Secondo la più celebre massima del pensatore prussiano Carl von Clausewitz, la guerra non sarebbe altro che la prosecuzione della politica con altri mezzi. Oggi, questa celebre definizione potrebbe essere integrata con la constatazione che la guerra è il fallimento della politica, in tutti i suoi mezzi, meno – per l’appunto – quello militare. A livello internazionale, ciò significa che il fallimento dell’ordine interstatale – quello che comunemente viene chiamato sistema internazionale – apre quasi inesorabilmente la strada a uno stato di guerra aperta. Naturalmente, la guerra può avvenire anche all’interno di un sistema internazionale o come conseguenza di esso.
Gli interventi armati deliberati dalla Santa Alleanza nella prima metà del XIX Secolo in vari stati europei, penisola italiana compresa, furono autentiche misure di polizia internazionale volte a preservare il sistema piuttosto che a decretarne il fallimento. Sulla stessa falsariga si possono leggere altri conflitti più recenti, quali gli interventi militari statunitensi in America Latina (Grenada, Panama) e Medio Oriente e Nord Africa (Afghanistan, Iraq, Libia), la cui radice affondava nella volontà della superpotenza leader del sistema internazionale di rimuovere regimi giudicati turbativi del suddetto ordine. Mentre la fattispecie di questi conflitti risulta interessante, ciò che deve riguardare maggiormente le preoccupazioni di chi si preoccupa per la pace mondiale sono i conflitti tra le grandi potenze. È in riferimento a questi che si è parlato prima di “fallimento del sistema internazionale” quale causa di guerra.

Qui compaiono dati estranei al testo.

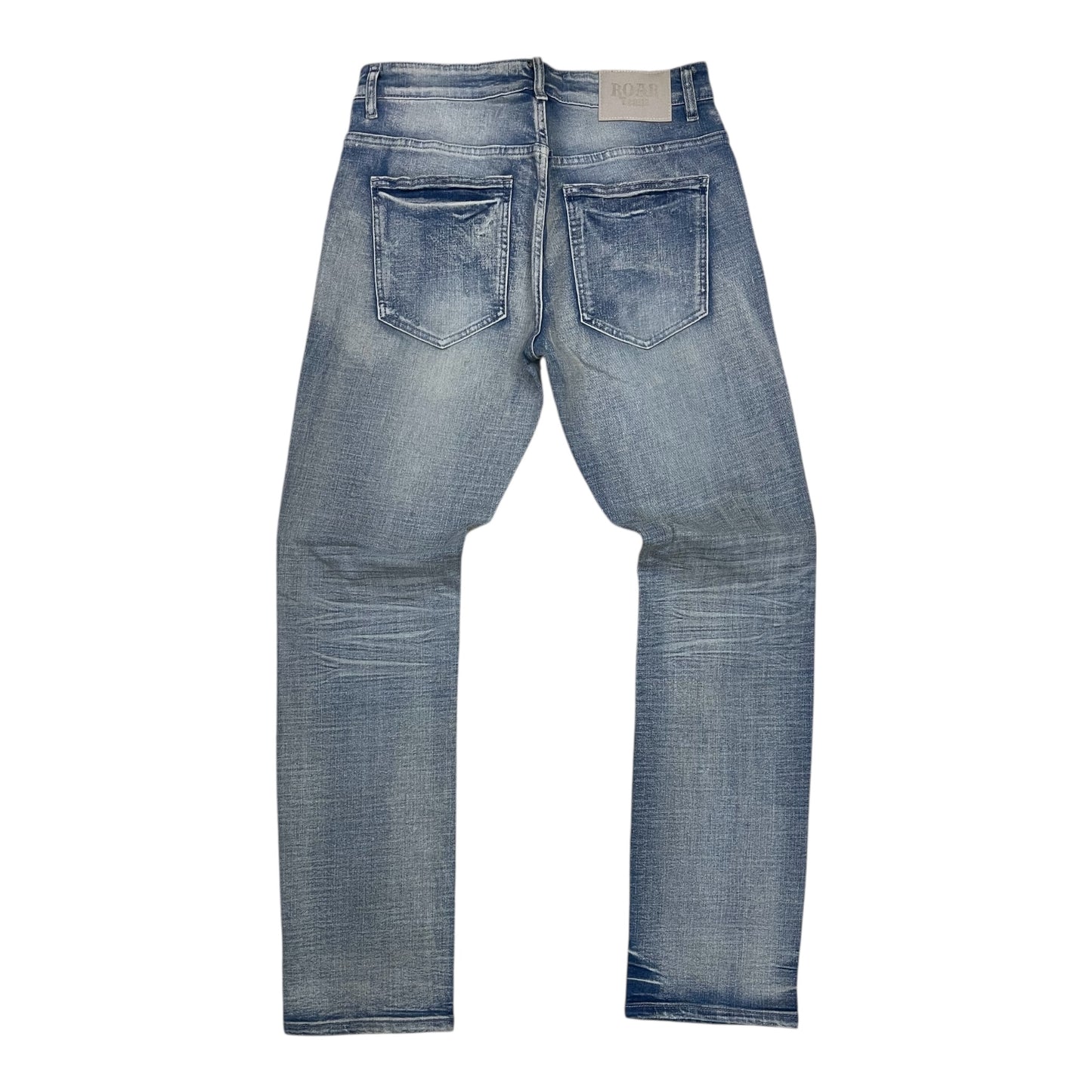 A00-43415 - Distressed Slim-Fit Stretch Jeans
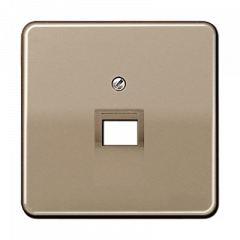 INTERNET-розетка 1ая золотая бронза экранированная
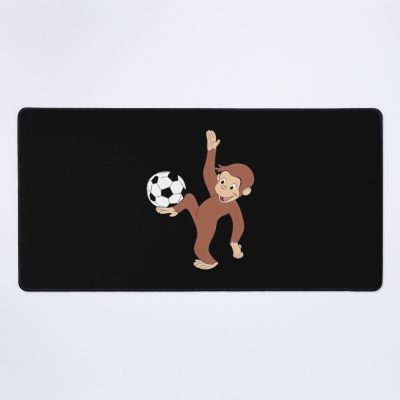 Playful Curious George Adventure Mouse Pad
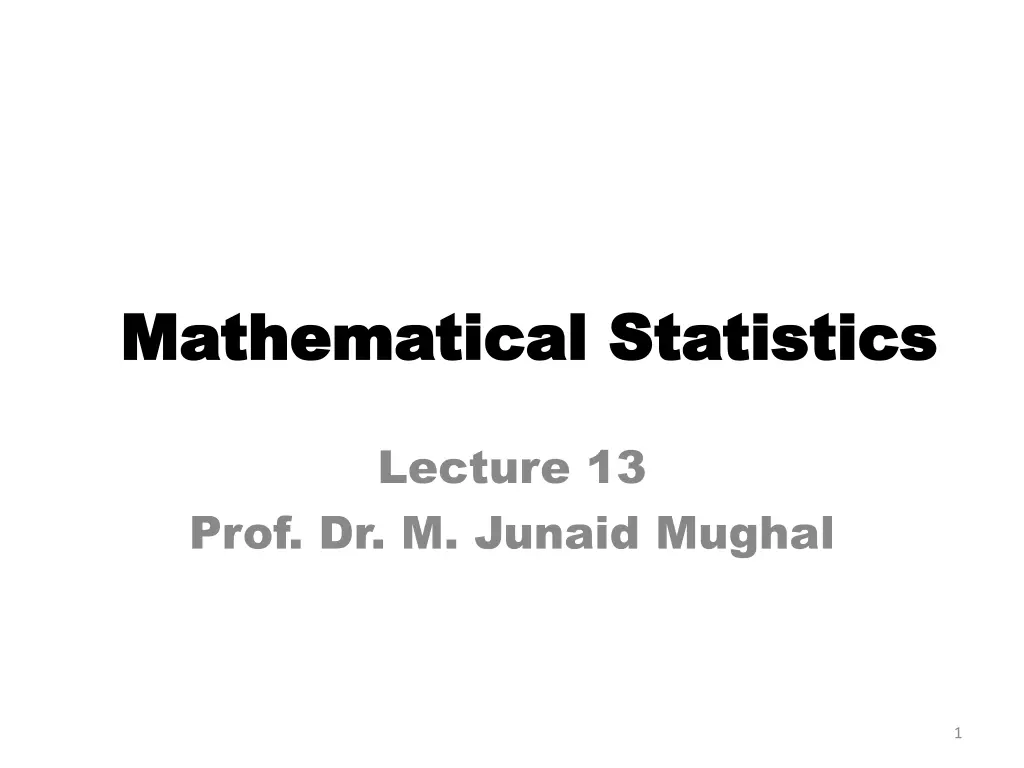 mathematical statistics mathematical statistics n.w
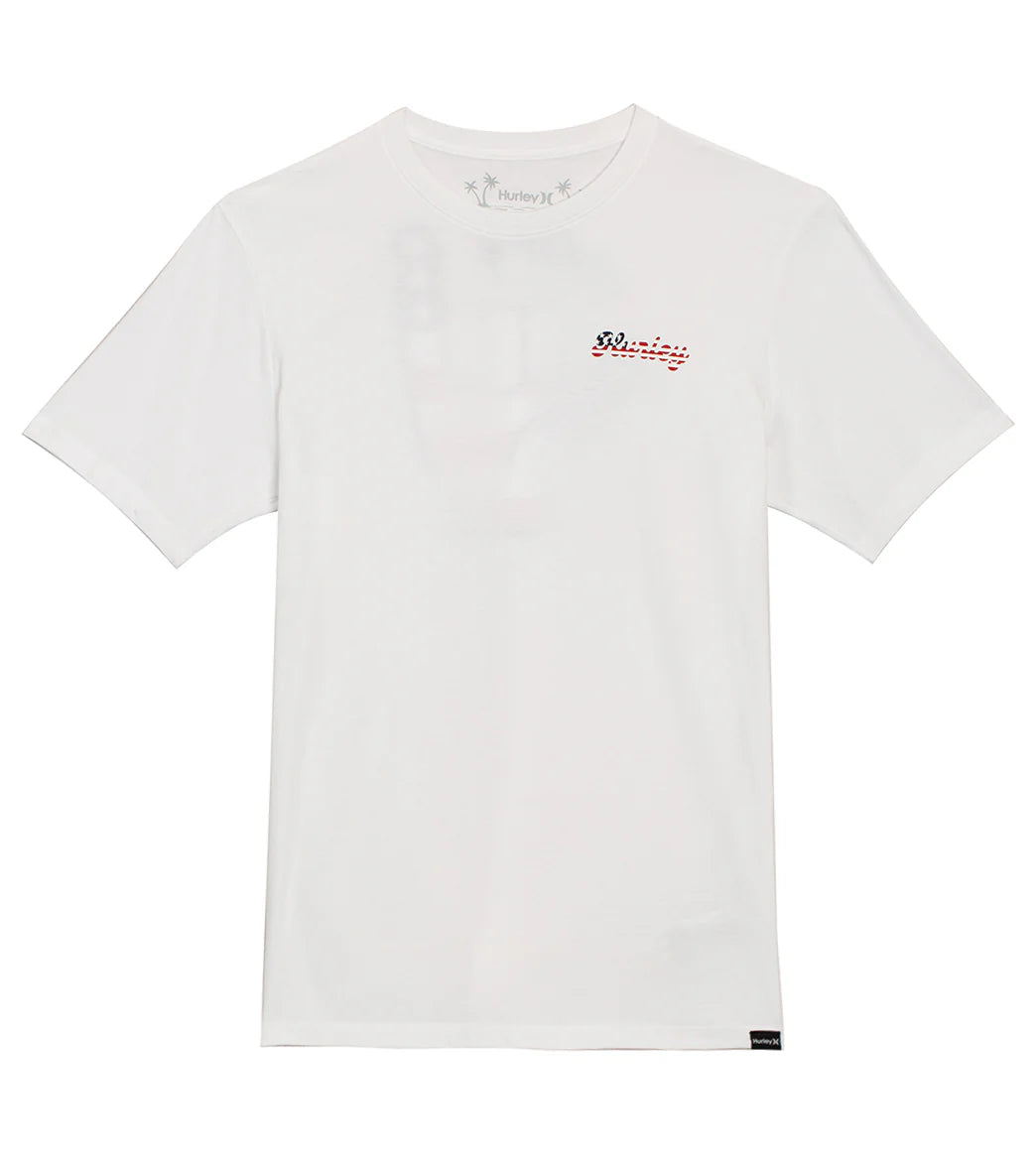 Hurley Men's Everyday Washed Shaka Flag Short Sleeve Tee
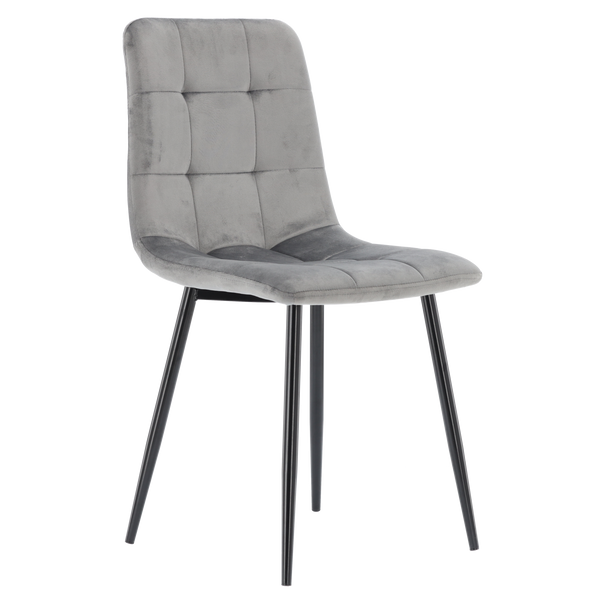 KRZESŁO NOWOCZESNE WELUROWE SZARE *2937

Nel corso della sua esistenza, l’Uomo si è dato vari tipi di ordine, basati su fondamenta differenti: legali, culturali, storiche, religiose. Ciò che tuttavia questi diversi tipi di ordine hanno avuto in comune è che la loro violazione ha aperto inevitabilmente la porta a fasi di violenza, conclusesi generalmente con l’assestamento di un nuovo ordine. Le relazioni internazionali non sono state esenti da questa tendenza. Con la conclusione delle guerre napoleoniche, l’Europa ha vissuto quattro decenni di relativa pace finché la Guerra di Crimea non ha rivisto le grandi potenze scontrarsi sul campo di battaglia. Ne sono seguiti vent’anni di conflitti ininterrotti, finché la disastrosa sconfitta francese nella Guerra Franco-Prussiana ha gettato le basi del “sistema bismarckiano” che ha stabilizzato il Vecchio Continente per altri quarant’anni. Il venir meno di quell’ordine innescò lo scoppio della Prima Guerra Mondiale, a cui seguì il “sistema di Versailles” già debole e infragilito dalle rivalità delle potenze firmatarie. In capo a due decenni tale ordine entrò inesorabilmente in crisi sfociando in un’altra tragedia di proporzioni planetarie.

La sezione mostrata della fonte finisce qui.